Let us switch gears and discuss what goes into making a Beam Weapon. We'll talk about the calibration of the Beam first and then the component breakdown last. When designing a Beam, its destructive capabilities are determined by how much Input Energy you set for it. This will determine how much destruction you can cause with a single shot. Next you must determine how far you want to be able to shoot this weapon. Keep in mind that the longer the range, the larger the hull size required. This is due to the amount of power needed to focus and maintain the stream. The Rate of Fire can also go hand in hand with the range. Finally, your Accuracy: without this you might as well be throwing rocks at your enemies. This should be adjusted to the highest possible setting if at all possible in order to avoid missing.

Next, let's discuss the elements that go into the components required. First, the Coil.

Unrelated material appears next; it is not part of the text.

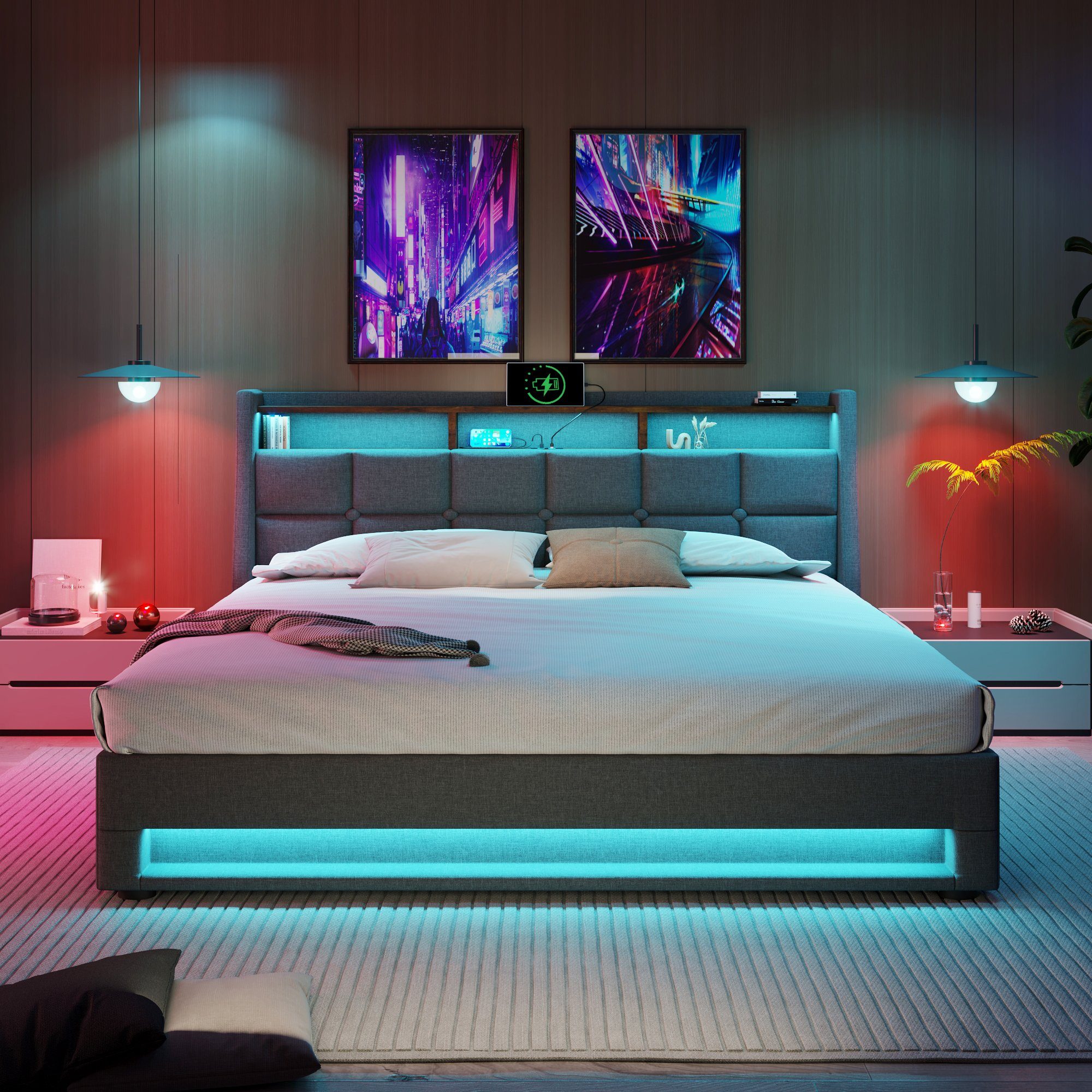 OKWISH Polsterbett Bett (LED Doppelbett Jugendbett mit USB/Typ-C Ladeanschluss), 160 x 200 cm Inklusive Matratze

This part of the Beam is where the energy is stored until it is released. It is important to keep in mind that materials with a high Superconductive point and Magnetic Reactance are needed. Also the material used must have a low Magnetic Production. For example, Iron would be a horrible choice due to its magnetic tendencies. It was found through various experiments that if any magnetized elements were present the energy in the Beam would not properly discharge, which has led to disaster on more than one occasion.

The Coupler is where the power is transferred from a generator of some sort to the Coil. It is important to note that the material used must not be Temperature Sensitive and must allow for a lot of Thermal Expansion. Beams generate a lot of heat and in most cases the reason a Beam fails is because of a bad Coupler design. Remember no power means no Beam, which is good news for your targets but a nightmare for you.

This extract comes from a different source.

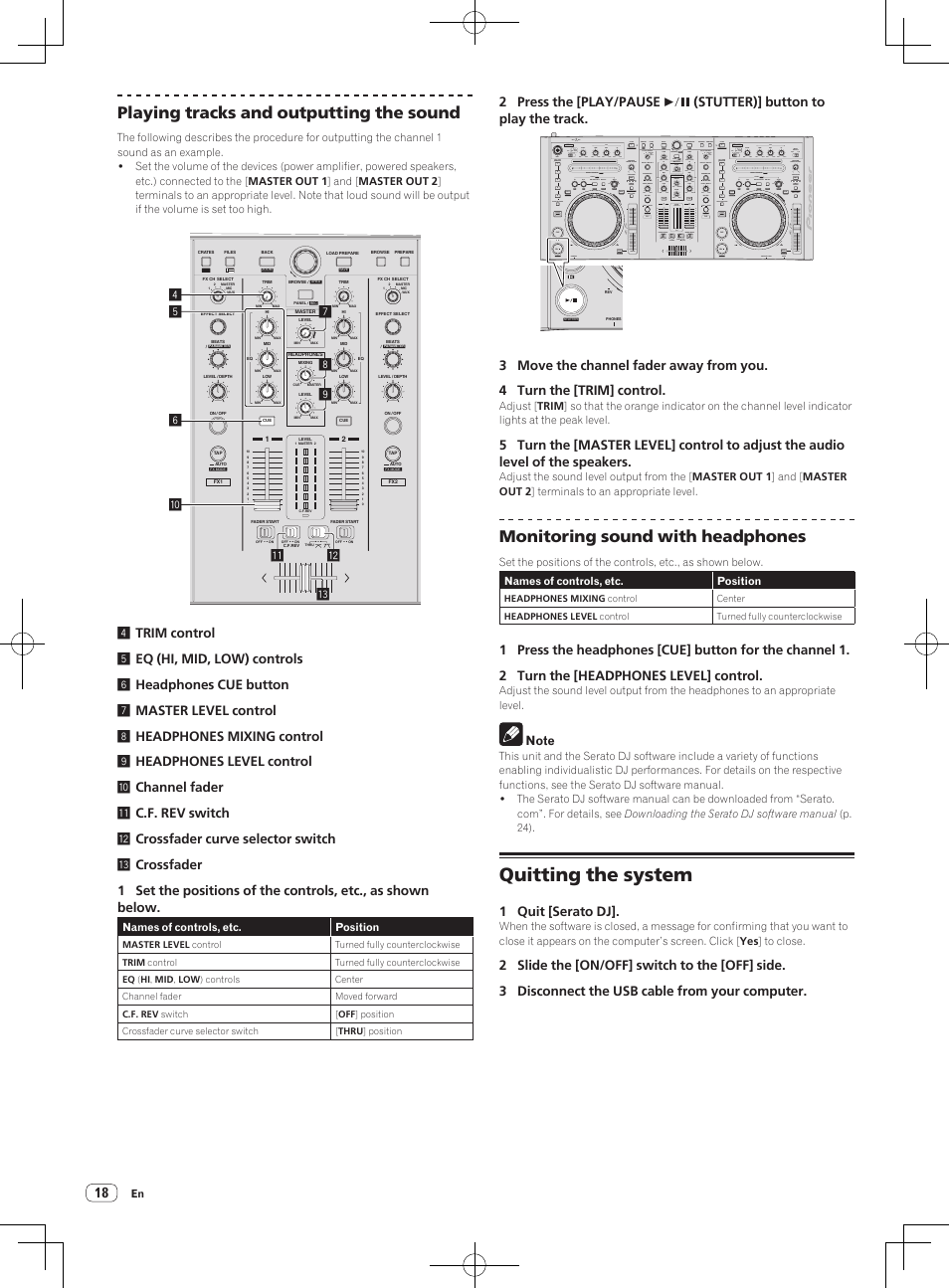 Quitting the system, Playing tracks and outputting the sound, Monitoring sound with headphones | Pioneer DDJ-S1 User Manual | Page 18 / 26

A Beam’s Casing is probably one of the more important but non-technical items. The Casing protects the operators from harm and ensures that any heat overflow is not transferred to the rest of the ship. With this in mind, a material with a low Temperature Sensitivity would be best. Also it would be good to have a material that is not Malleable so that warping does not occur.

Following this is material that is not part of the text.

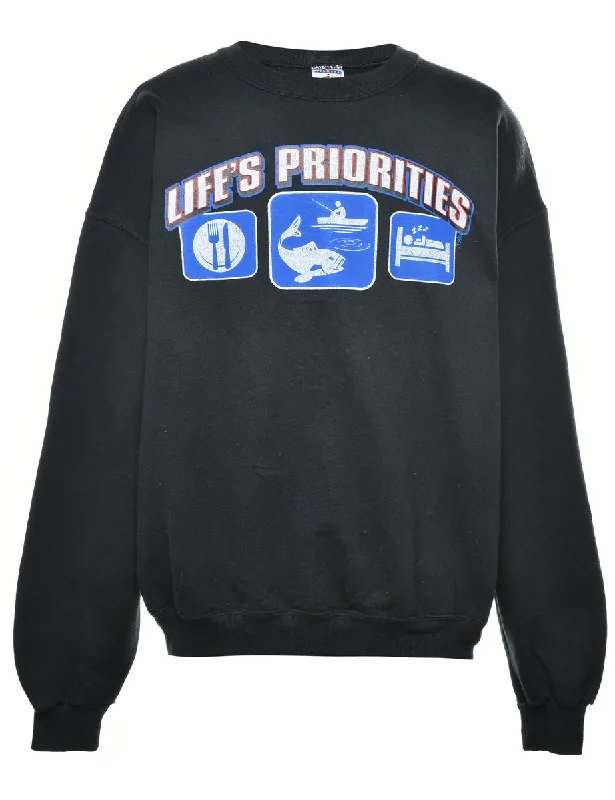 Life's Priorities Drop Shoulder Sweatshirt - M Hoodie with Color Block Contrast Stylish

The Focuser of the Beam is basically a prism or mirror type component within the weapon. This is where the light is bent and sent to the Medium for the actual firing. This piece is also where the alignment takes place. A poorly aligned Focuser can spell disaster for a unit in trouble. It should be noted that you will be looking for the same Temperature Sensitivity and Thermal Expansion as you would for the Coupler.

However, unlike the Coupler you want to refract instead of reflect the beam. Keep this in mind when choosing materials for construction. Finally, the Medium of the Beam. This is the component where the Beam actually exits the weapon. It used to be this material that gave the Beams their color. However, with modern technology you are now be able to select whatever color you prefer. To create a good Medium, you will need to use a material with a high Boiling Point and Low Refraction and Reflection. The Boiling Point is to prevent evaporation under stress and allow the material to be reused more often. Or, if the case may be, allow more energy to be put through it than would normally be possible. The Refraction and Reflection properties should be kept low to allow the light to pass through with no interruptions or dissipation.